The more independent the OMPD library is from the exact libgomp version, it
will be easier for users but more work.  Having it more independent will
e.g. allow a 64-bit debugger to dlopen 64-bit libgompd (or whatever the
library will be called) and debug not just 64-bit processes using OpenMP,
but also 32-bit ones.
Infinity notes certainly aren't a requirement and one could add that later,
while expressing whatever the library needs to know in some other form.
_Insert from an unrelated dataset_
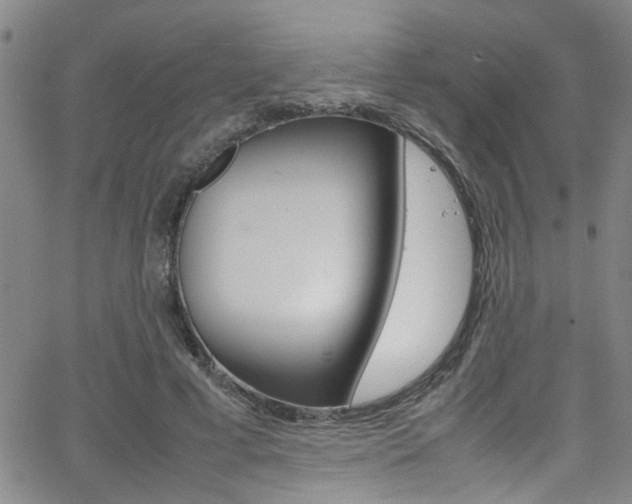 X0000065980593200603030932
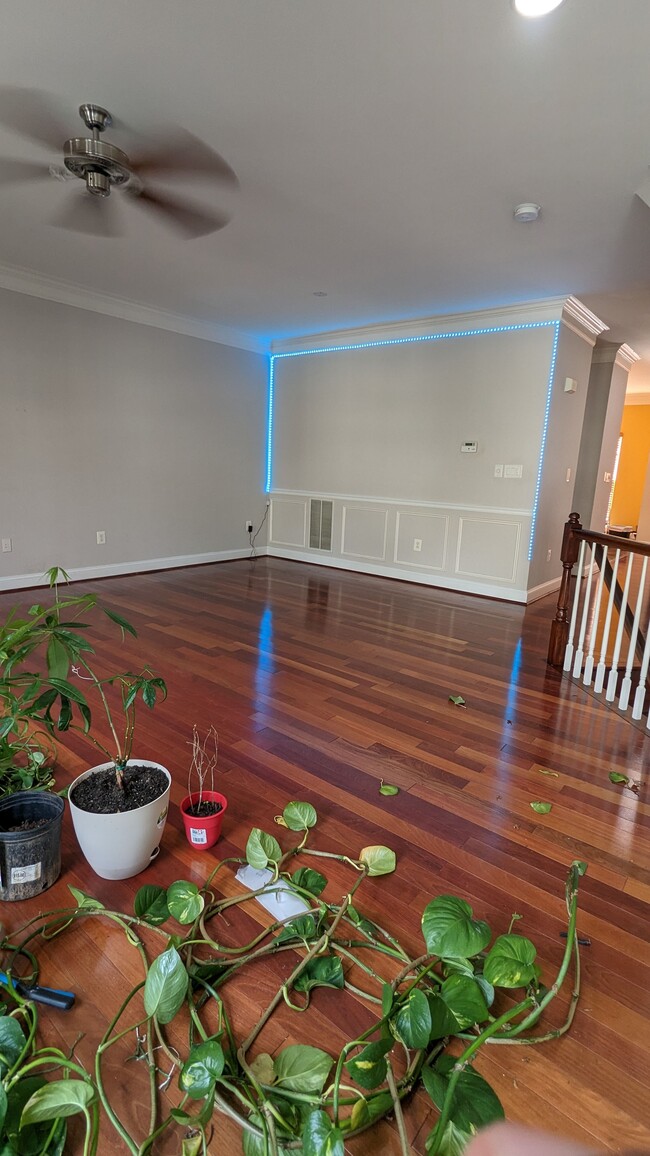 property at 13231 Maple Creek Ln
> > In order to start you need to understand how OpenMP programs are
> > internally structured (compile some a few basic ones with
> > -fdump-tree-optimized and then examine the generated dump) and
> > especially familiarize yourself with the libgomp library that provides
> > essential run-time support to OpenMP programs.  Libgomp is part of GCC
> > project, see https://gcc.gnu.org/git/?p=gcc.git;a=tree;f=libgomp.
> >
> 
> Okay, I will try that. I guess I will try out some simple for loop and
> see.  Any particular sections or tips on reading the dump?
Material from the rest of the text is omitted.